Records for the task

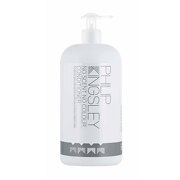 Philip Kingsley No Scent No Colour Conditioner 1000Ml philip kingsley kopen in de aanbieding Philip Kingsley No Scent No Colour Conditioner 1000Ml philip kingsley kopen in de aanbieding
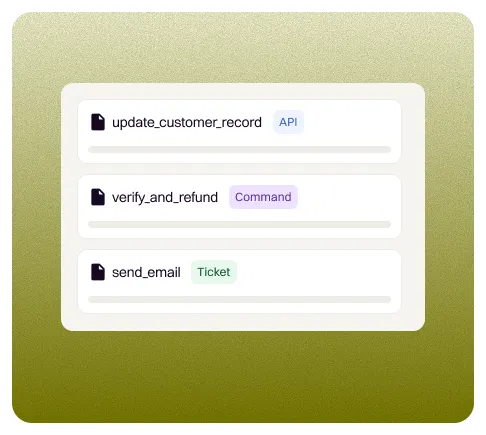 Smart Integrations Image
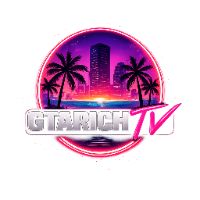GTARICHTV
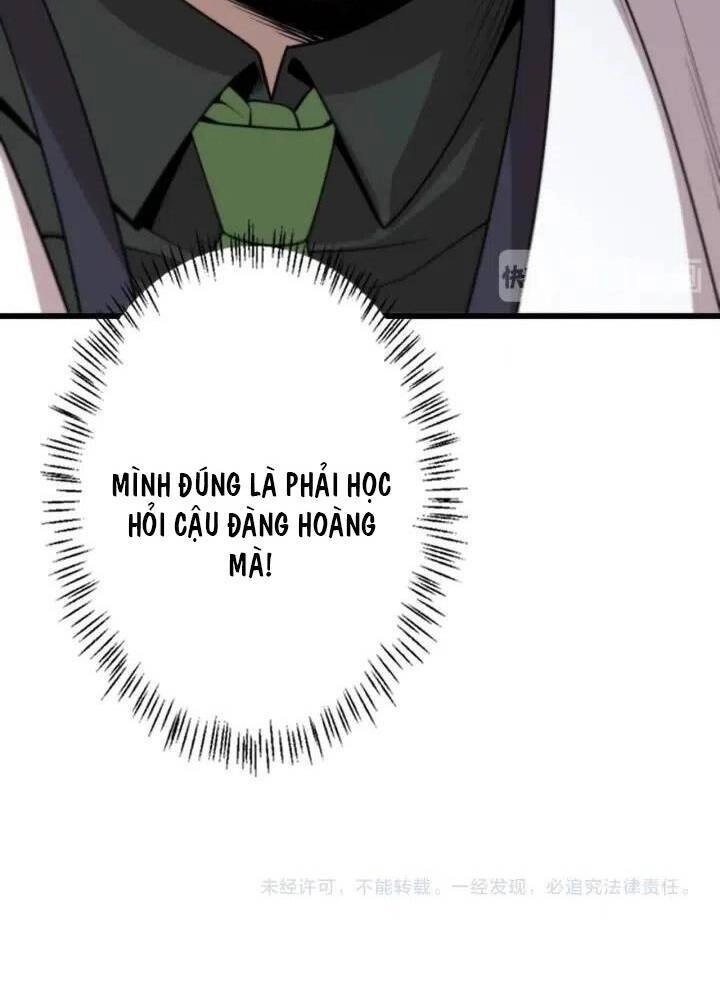 Đại Y Lăng Nhiên Chapter 39 - 77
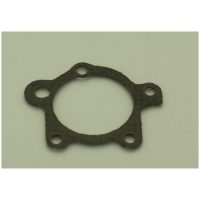 Avgaspackning CENTAURO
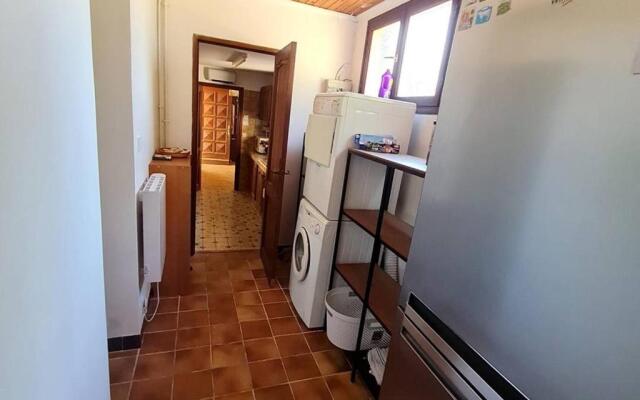 Maison Six-Fours-les-Plages, 4 pièces, 8 personnes - FR-1-316-262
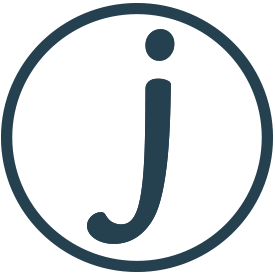 Adminitração A Jornada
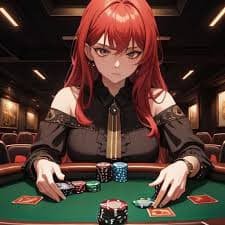 brlbet10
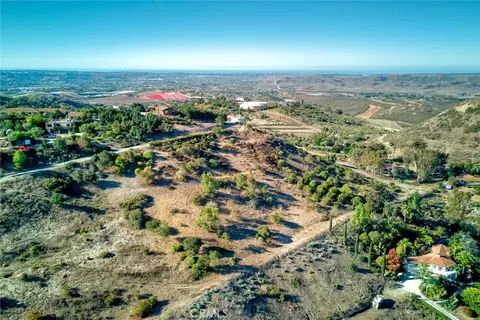 6542 Indian Trail Way, Fallbrook, CA 92028 photo 15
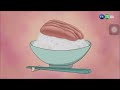新多啦a夢 試吃湯匙 國語版 新多啦a夢 試吃湯匙 國語版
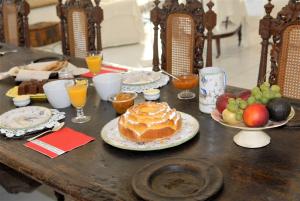 Lousoan photo 24
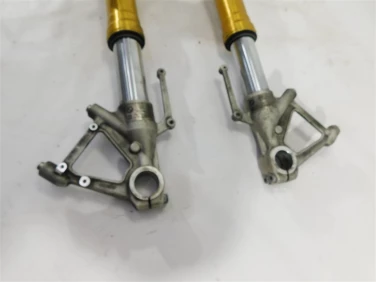 Laga pÓŁka zawiesznie lagi bmw s 1000 rr k46 15-17 u-11 31428548865 31428548864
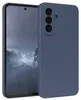 EAZY CASE - TPU Hülle für Samsung Galaxy A37, TPU Case Produktbild-Vorschau 1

What to produce
Strip the images and reproduce the remaining records precisely.

Exercise answer
 Philip Kingsley No Scent No Colour Conditioner 1000Ml philip kingsley kopen in de aanbieding Philip Kingsley No Scent No Colour Conditioner 1000Ml philip kingsley kopen in de aanbieding
 Smart Integrations Image
GTARICHTV
 Đại Y Lăng Nhiên Chapter 39 - 77
 Avgaspackning CENTAURO
 Maison Six-Fours-les-Plages, 4 pièces, 8 personnes - FR-1-316-262
 Adminitração A Jornada
 brlbet10
 6542 Indian Trail Way, Fallbrook, CA 92028 photo 15
新多啦a夢 試吃湯匙 國語版 新多啦a夢 試吃湯匙 國語版
 Lousoan photo 24
 Laga pÓŁka zawiesznie lagi bmw s 1000 rr k46 15-17 u-11 31428548865 31428548864
 EAZY CASE - TPU Hülle für Samsung Galaxy A37, TPU Case Produktbild-Vorschau 1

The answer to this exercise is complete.